Publications

Carbon Capture and Storage (CCS) Subsurface Modeling for Risk Identification

Proceedings Title : Proc. Indon. Petrol. Assoc., 47th Ann. Conv., 2023

More countries are making commitments to attain net zero emissions in the coming decades hoping to limit the global temperature rise. Carbon Capture and Storage (CCS) will play a crucial role in the transition to net zero on energy-related carbon dioxide emissions. It is thus necessary to keep evolving our knowledge and developing innovative technologies to enhance efficiency and reduce risks. When CO2 is injected in geological formations, due to complex procedure involved and full Thermo-Hydro-Mechanical-Chemical (THMC) interaction at downhole condition, the risk on safety, formation integrity and injection efficiency is significant. Residual risks such as leakage continue after injection stops; hence it is necessary to assess the risks in both short and long terms. Digital technologies integrating multi-disciplines such as seismic, geology, petrophysics, fluid-flow, chemistry and geomechanics enables to identify the risks and suggest mitigation prior to happening. This study demonstrates the importance of coupling THMC processes in successfully modelling of CO2 storage into a depleted oil field, while reservoir storage capacity, cap-rock integrity, fault stability assessment and well integrity were analyzed.
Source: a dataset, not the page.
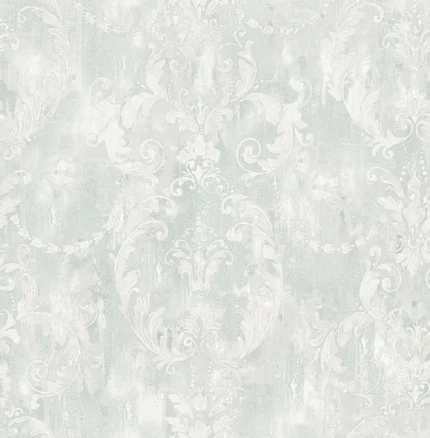 Traditional Weathered Damask Wallpaper Bolt, Blue-Gray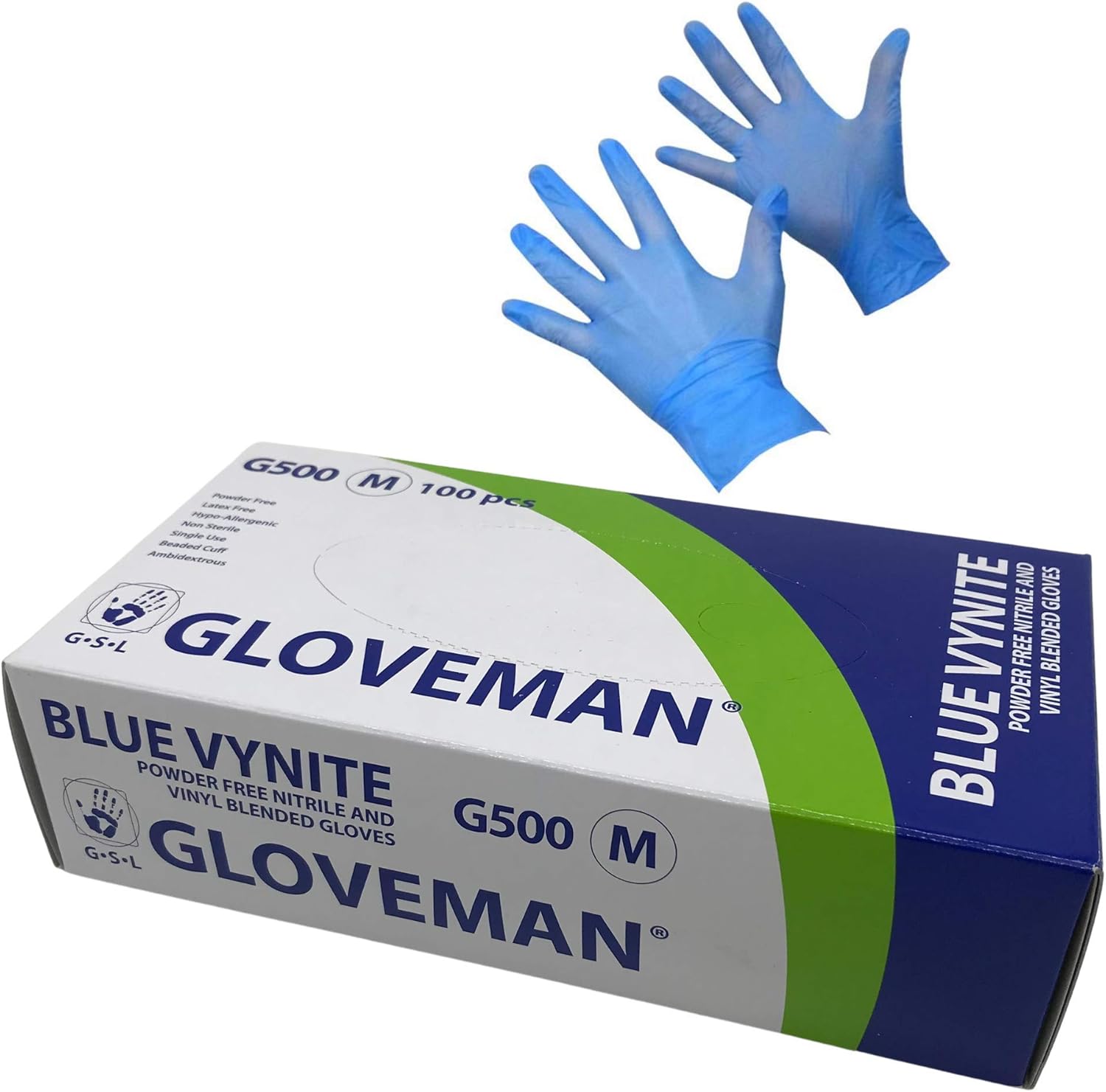 GLOVEMAN Blue Vynite Powder Free Nitrile and Vinyl Blended Disposable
A 3D Mechanical Earth Model (3D MEM) was built to represent pre-injection pressure, temperature, and stress condition of a sandstone reservoir. Supercritical CO2 was injected for 20 years into the reservoir from six wells. Coupled fluid-flow and geomechanics interaction with time (4D MEM) was performed through dynamic fluid flow and geomechanics simulators. Simulated stresses, strain, and displacement at 10 timesteps at 2 years interval were analyzed to assess maximum storage capacity without causing failure to the caprock and reactivating the faults. In addition, maximum ground heave was also calculated which can be a useful information for planning platform and well trajectory. Results obtained from the study indicate that there is a possibility of reactivating some of the faults if injection rated exceed 90000 sm3/day. Also, temperature of the injected CO2 showed noticeable effect on the stability of both caprock and fault. While a lower temperature of injected CO2 is good for the stability of caprock, it makes the faults more susceptible to reactivation.